Ezell noted that Send Relief’s Serve Tour continues in multiple cities around the world in 2026 and 2027 and encouraged churches to participate.

Global Hunger Relief opens doors for gospel witness

Chitwood also highlighted the ongoing work of Global Hunger Relief, noting that more than 700 million people worldwide experience chronic hunger.

He shared the story of Grace, a pastor’s wife in northern Nigeria who took part in a Send Relief agricultural training project designed to help women provide nutritious food for their families using soybeans.

After completing the training, Grace invited neighbors, including four Muslim women, to participate.

“Now we’re friends, and we’re finding ways to share Christ with them naturally in the relationship we’ve built,” Grace said.

The project has reached more than 6,700 people and led to the start of two Bible studies.

Chitwood encouraged churches to participate in Global Hunger Sunday later this year, emphasizing that gifts support Gospel-centered hunger ministry through local churches and ministry partners around the world.

Local churches remain after disasters strike

The presentation also highlighted recent crisis response efforts in the Caribbean following Hurricane Melissa.

In Cuba, 50 generators distributed through local churches helped power feeding stations, charge phones and support ministry efforts following the storm. In Jamaica, Southern Baptist Disaster Relief volunteers partnered with the Jamaican Baptist Union to assist families through roof repairs and water distribution.

“We don’t parachute in,” Chitwood said. “We stand alongside of churches and work with missionaries who are already there on the ground, and then we stay with them.”

The leaders said the response reflected Send Relief’s broader approach to compassion ministry, working through churches and ministry partners already serving in communities long before a crisis occurs.

Pray. Give. Go.
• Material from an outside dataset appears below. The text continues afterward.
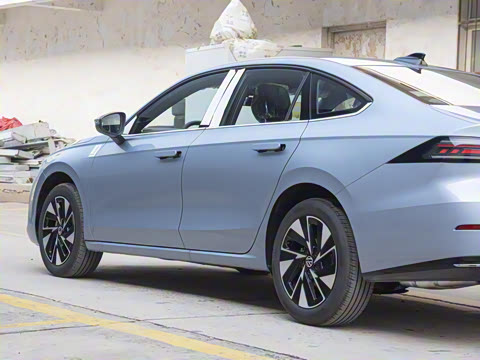 2026�� L 300TSI DSG ��Ӣ��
Grow.

Ezell and Chitwood concluded by encouraging churches to engage with Send Relief through four actions: Pray, Give, Go, and Grow.

Ezell challenged churches to support Global Hunger Sunday and consider mission opportunities through Serve Tour, Send Relief Ministry Centers and international partnerships.

Chitwood encouraged Southern Baptists to pray for churches serving in difficult places, utilize Send Relief training resources and continue building cultures of compassion within their congregations.

“Compassion isn’t a program,” Chitwood said. “It really comes out of our discipleship.”

Closing the presentation, Chitwood thanked Southern Baptists for their continued support and partnership.

“Thank you for the compassion that you show through your churches,” he said. “The story we’re writing together is a story that God is still writing, and it is a beautiful, redeeming story.”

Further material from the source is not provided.